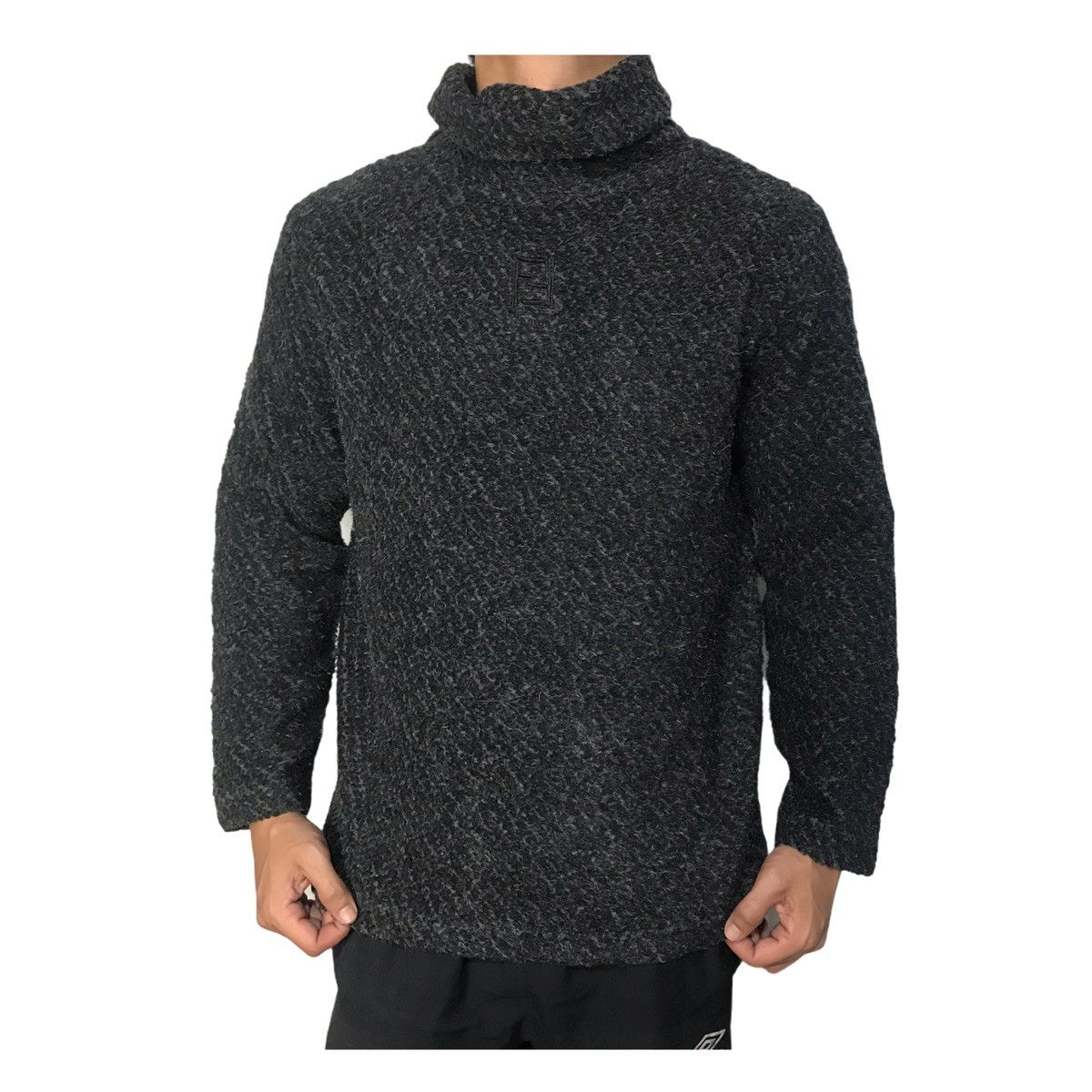 Fendi Fendi jeans embroid logo wool turtleneck fleece Size US M / EU 48-50 / 2 - 2 Thumbnail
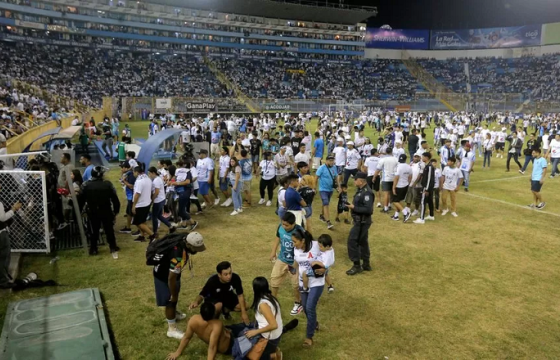 Сан-Сальвадорын цэнгэлдэх рүү үзэгчид дайрч, мөргөлдсөний улмаас 12 хүн амиа алджээ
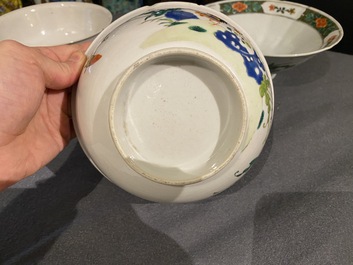 Une paire de bols en porcelaine de Chine famille rose &agrave; d&eacute;cor de coqs et un bol en famille verte, 18/19&egrave;me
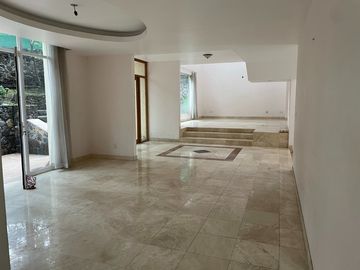 VENTA DE CASA EN MEDIO DEL BOSQUE CON CASA CLUB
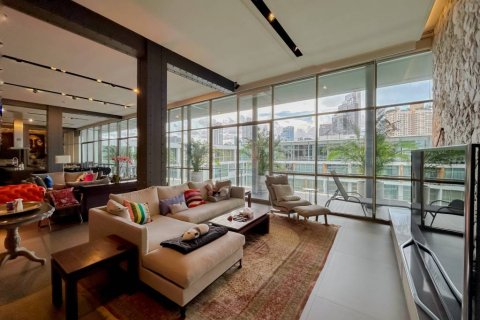 Condo à Khlong Toei, Bangkok, Thaïlande, 4 chambres  № 172974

Task brief - Only the pictures are to be dropped; all other material above must be repeated exactly.

Response area -
 Fendi Fendi jeans embroid logo wool turtleneck fleece Size US M / EU 48-50 / 2 - 2 Thumbnail
 Сан-Сальвадорын цэнгэлдэх рүү үзэгчид дайрч, мөргөлдсөний улмаас 12 хүн амиа алджээ
 Une paire de bols en porcelaine de Chine famille rose &agrave; d&eacute;cor de coqs et un bol en famille verte, 18/19&egrave;me
 VENTA DE CASA EN MEDIO DEL BOSQUE CON CASA CLUB
 Condo à Khlong Toei, Bangkok, Thaïlande, 4 chambres  № 172974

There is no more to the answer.